Затем она снимает блузку, бросает ее на деревянную лавку и в одном только кружевном лифчике вскакивает на настил для танцующих.
Плотная толпа движется в ритме тамтамов, будто в трансе. Анум остался только в обтягивающих темно-синих джинсах, его кожа цвета красного дерева блестит от пота. Стройный силуэт хорошо сложенного высокого мужчины действует на Малику как магнит. Атмосфера на настиле пропитана ароматом чувственности и секса. Некоторые девушки танцуют в длинных юбках, иные топлес или почти топлес, прикрытые только ожерельями из мелких кораллов. Мужчины в одних брюках, шортах или бермудах, и каждый из них – с обнаженным торсом. Все танцуют босиком. Обувь мешает ощущению ритма и единения с природой. Малика чувствует на бедрах сильные мужские ладони, которые начинают вести ее за собой под ритм барабанов.
– Ты красивая, – слышит она томный голос, шепчущий прямо в ухо. – Хочу быть ближе, и ближе, и ближе…
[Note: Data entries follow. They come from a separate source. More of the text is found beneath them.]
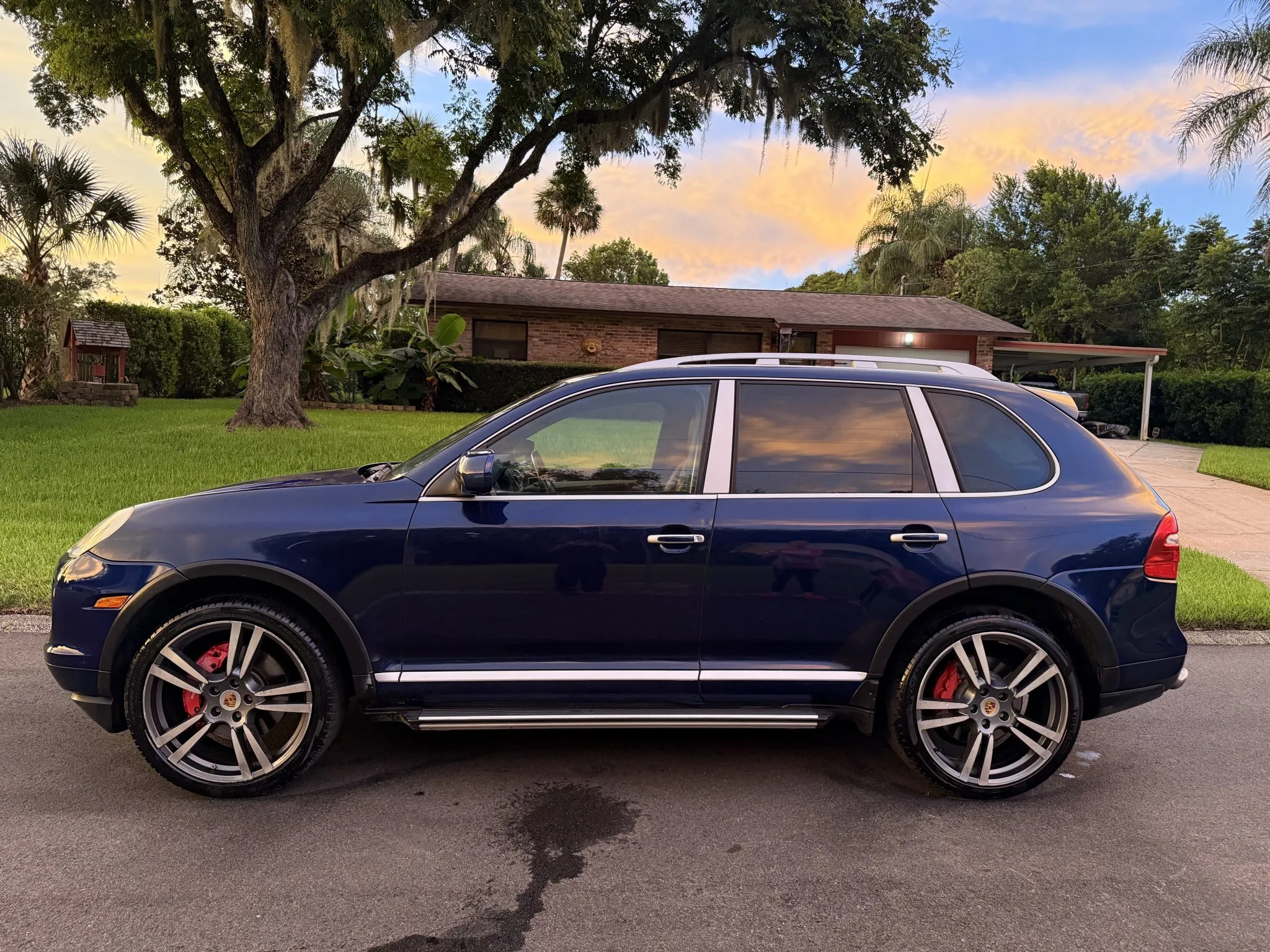 2008 Porsche Cayenne Turbo in Marine Blue Metallic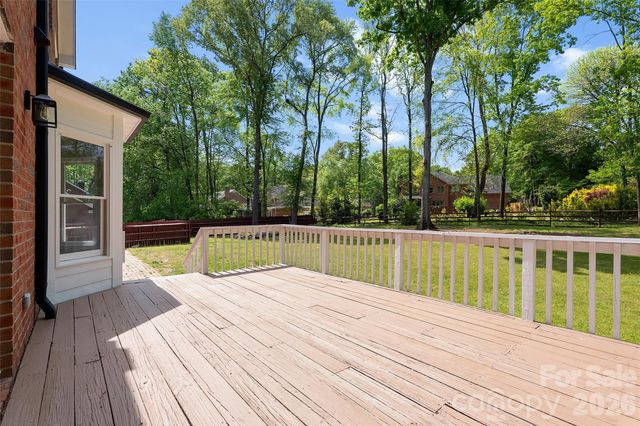 1507 Chadmore Lane NW, Concord, NC 28027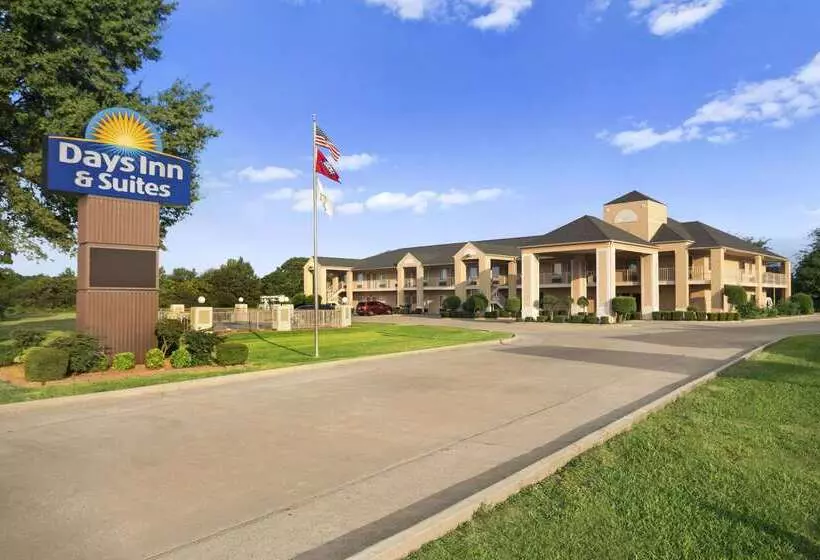 בית מלון כפרי Days Inn & Suites By Wyndham Stuttgart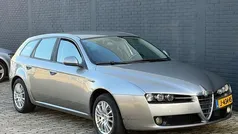 Grijs (metallic) Gebruikt 2006 Alfa Romeo 159 Impression Stationwagen | € 2.499 (Super prijs)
Анум поворачивает ее лицом к себе, одним движением прижимает к своей покрытой потом груди и бедрам. Женщина чувствует по оттопырившимся брюкам, как он возбужден. Она едва может вздохнуть, у нее кружится голова, а низ живота сжимают спазмы. Она так давно ни с кем не была, так сильно в этом нуждается и так желает этого! Никогда она не чувствовала такого звериного желания, горячего и томного. Она могла бы это сделать на глазах у всех. Мужчина берет ее за руку и тянет к виднеющимся постройкам. В красном бараке погашен свет, и Анум с трудом открывает входную дверь. Впотьмах направляется в сторону самой дальней комнаты справа. Малика ищет зажигалку и натыкается в полумраке на грубый деревянный стол со свечой посередине. Любовники начинают двигаться с дикой похотью, и от мигающего света на стенах отражается бешеная пляска теней. Юбка и брюки брошены на грязный глиняный пол. Анум потеет еще больше, и запах, исходящий от его тела, становится необычайно острым. Малика не выносит пота, но на этот раз запах доводит ее до сумасшествия, и женщина слизывает соленую влагу с тела своего партнера, посасывает ему ухо и осторожно его покусывает. Волосы у него на голове короткие и жесткие, и Малика гладит их кончиками пальцев, касается их щекой. Анум водит губами по ее шее, стискивает набухшие груди. Возбуждение достигает пика. Анум тянет Малику в конец комнаты, на деревянную кровать, покрытую грязным одеялом.